§ **Action item**
Keep the wording of the records intact as you retype them, and omit every image.

+++ Input data +++

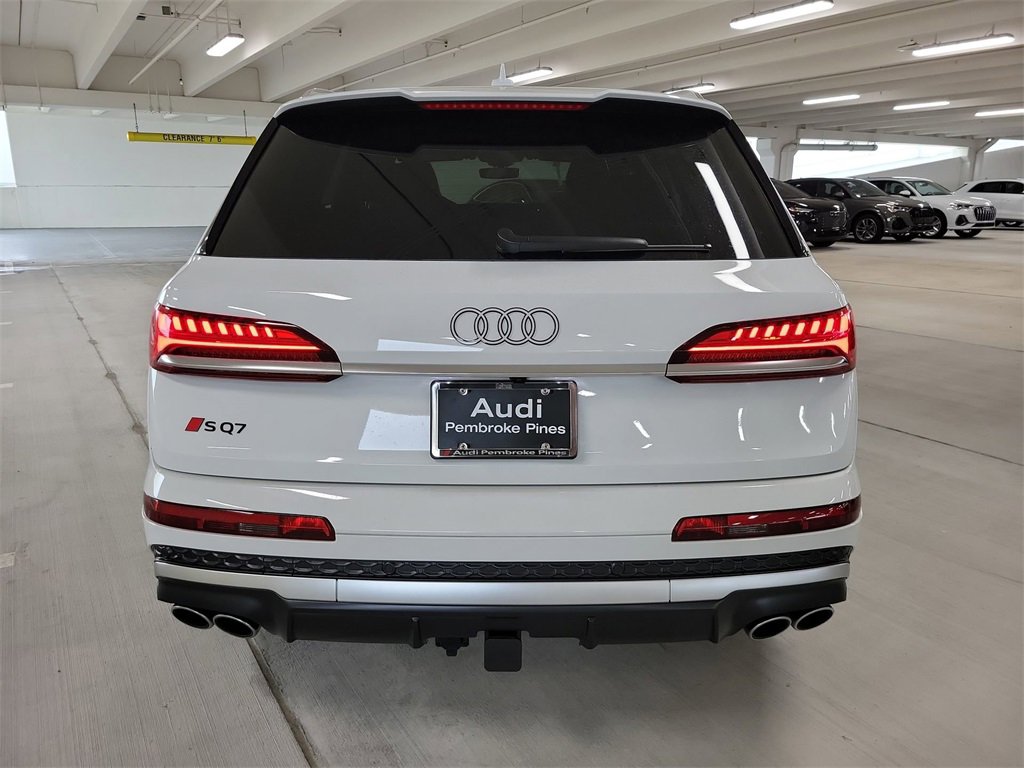New 2025 Audi SQ7 Premium Plus image 6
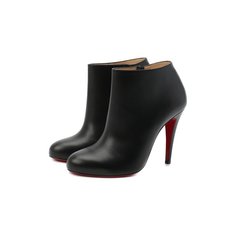 Кожаные ботильоны Belle 100 Christian Louboutin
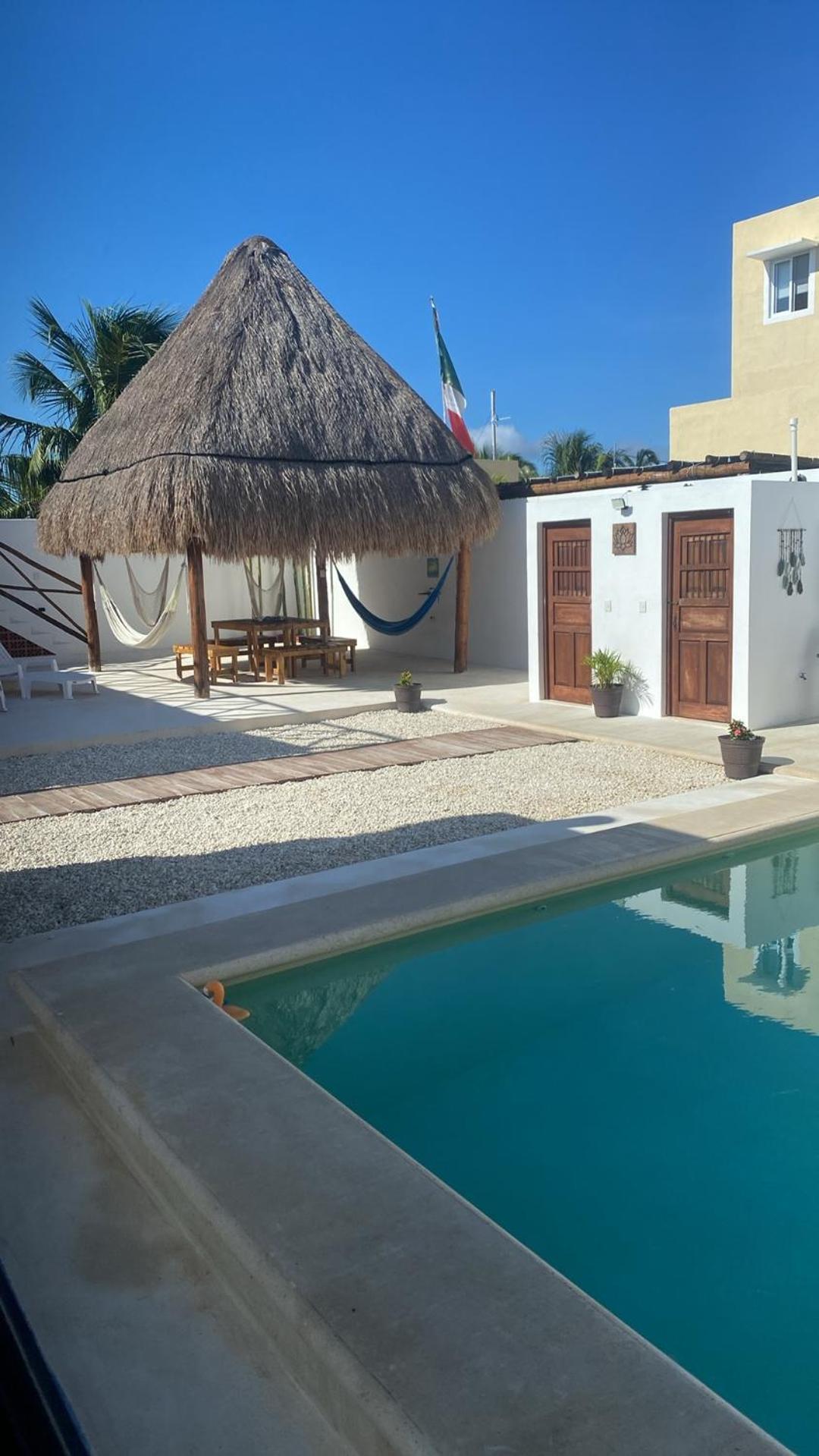 Apartmán Casa Loto B Chelem Exteriér fotografie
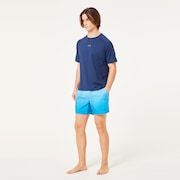 Gradient 16'' Beachshort - Gradient Swimming Blue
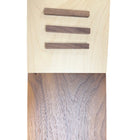natural walnut maple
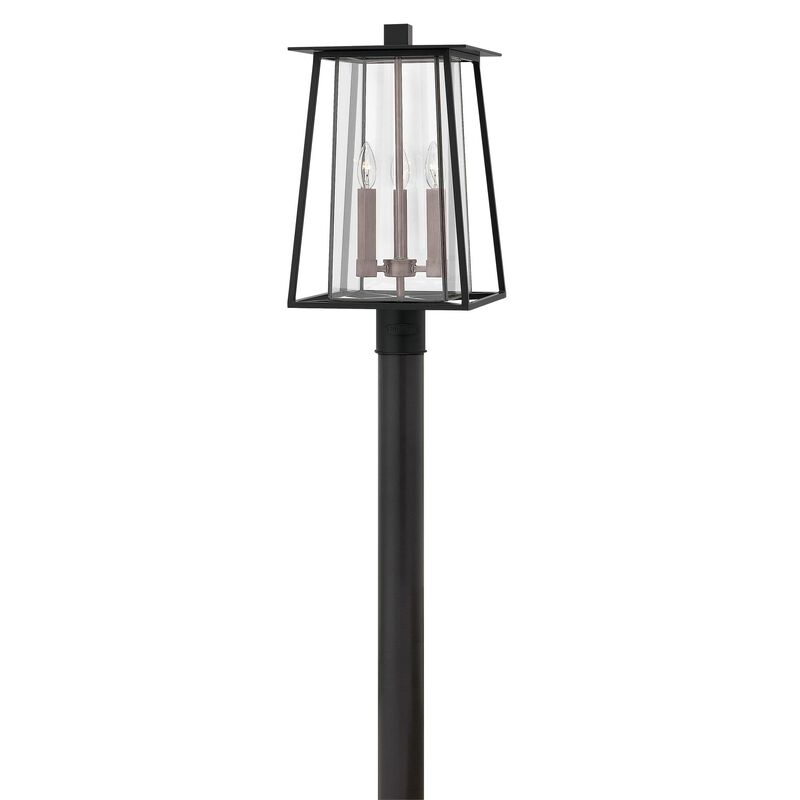 Walker 21 Inch Outdoor Post Lamp by Hinkley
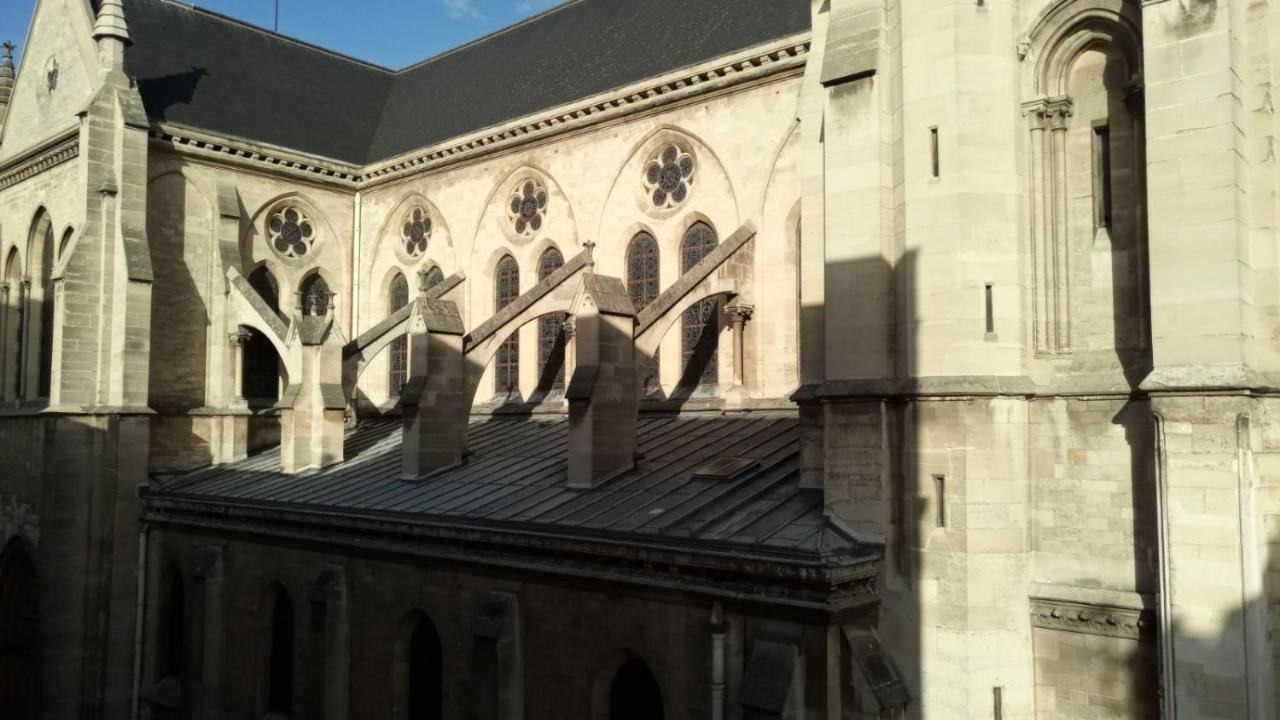 Hôtel De La Perdrix Rouge Paris Exterior foto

+++

§ **Solution for this problem**
New 2025 Audi SQ7 Premium Plus image 6
 Кожаные ботильоны Belle 100 Christian Louboutin
 Apartmán Casa Loto B Chelem Exteriér fotografie
 Gradient 16'' Beachshort - Gradient Swimming Blue
natural walnut maple
 Walker 21 Inch Outdoor Post Lamp by Hinkley
 Hôtel De La Perdrix Rouge Paris Exterior foto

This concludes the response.